As mentioned earlier, we wanted to make use of existing domain knowledge. Therefore, the first method we have selected for information collection is literature review. As mentioned in (Williamson, 2002, s. 62),

“According to Marshall and Rossman (1995, p. 28) ‘a thoughtful and insightful discussion of the literature builds a logical framework for the research that sets it within a tradition of inquiry and a context of related studies.’”

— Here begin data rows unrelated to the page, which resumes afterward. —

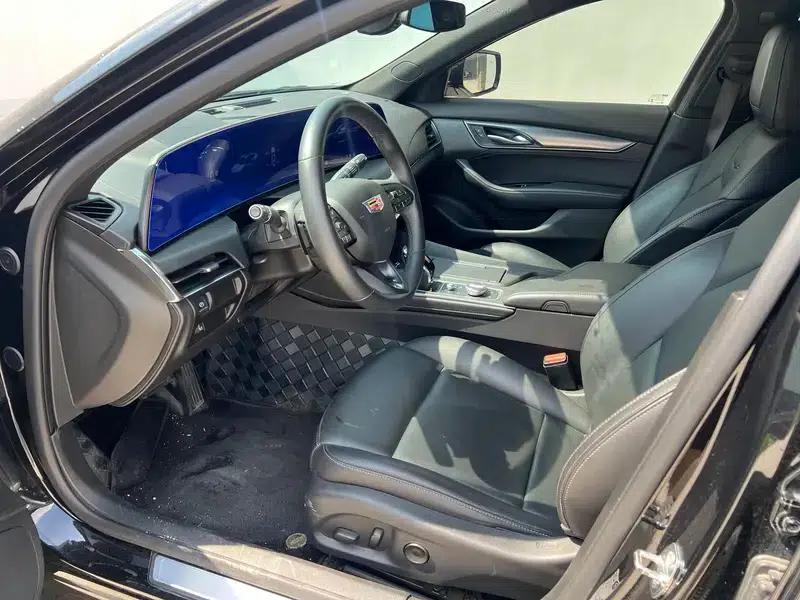 2024 Cadillac CT5 28T Luxury Pro — миниатюра 15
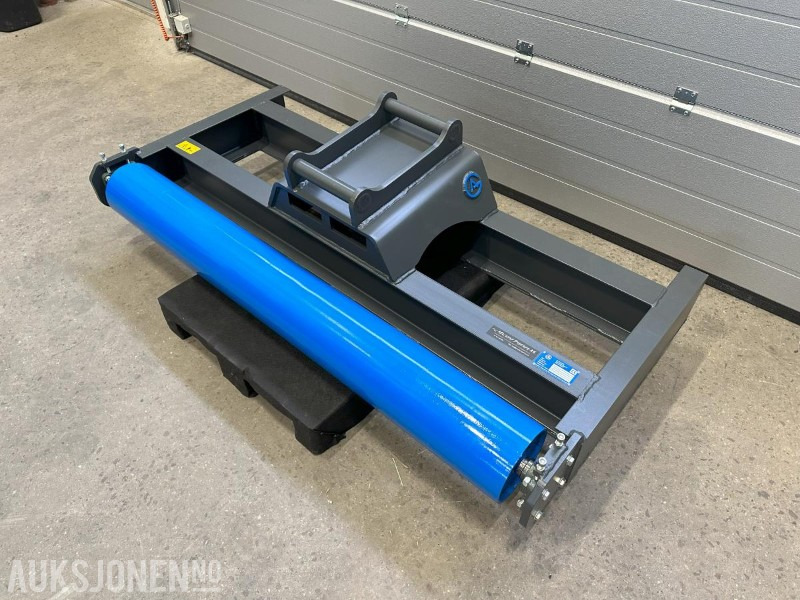 UBRUKT GA Avrettningsbjelke med rull S50, 2000mm Ø220mm - Навесное оборудование для Строительной техники: фото 1 UBRUKT GA Avrettningsbjelke med rull S50, 2000mm Ø220mm - Навесное оборудование для Строительной техники: фото 1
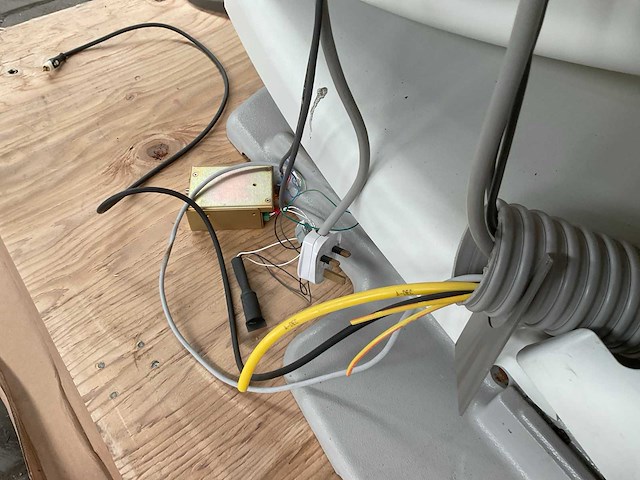 Aidec tandartsstoel - afbeelding 7 van  16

Literature Review is of prime importance to obtain relevant knowledge for theory building and that is the reason to select this method for our research. Our research consists of multiple domains i.e. ontologies, requirements engineering and natural language processing therefore we need to extract the knowledge and combine it to achieve desired results. It was important to build a strong knowledge base to remove all the ambiguities which enable us to further enhance the knowledge and use it for transforming requirements to ontologies. We have built the logical framework by reading material (such as research papers, reports, and journal articles) from all relevant domains and then used that framework for the development of rules and patterns.

Certain criteria about information collection has been used to maintain the consistency in research. We have identified different domains involved in our research and searching was done based on those keywords (see appendix 8.2). Specifically, we have used Google Scholar for the extraction of material and special emphasis has been done on the number of citations and date of publishing while selecting the research papers. Other sources were also accessed through Google Search Engine on World Wide Web to get hold of general articles and cross check the information obtained. The information was then classified and then further used for analysis. In general, it was an iterative work which helped us in refining, narrowing down and improvising the research problem.

(29)

3.1.2 Design Science Research

After building the knowledge base and understanding, we moved towards the second phase of our research which involves in making rules to transform requirements to ontologies. At this stage, our research moved from basic to applied phase and that is where our second research method Design Science Research comes into play (Bisandu, 2016). Our intention was not just to present a theory but also to identify and define rules/patterns which comes under introducing a new functionality in an information system. Due to this reason Design Science Research best fitted in our research. This approach enabled us to build the concept, architecture and eventually develop some artifact. Design Science Research is defined in (Dresch, 2015) page 67 as,

“Design Science Research is a method that establishes and operationalizes research when the desired goal is an artifact or a recommendation. In addition, research based on design science can be performed in an academic environment and in an organizational context.”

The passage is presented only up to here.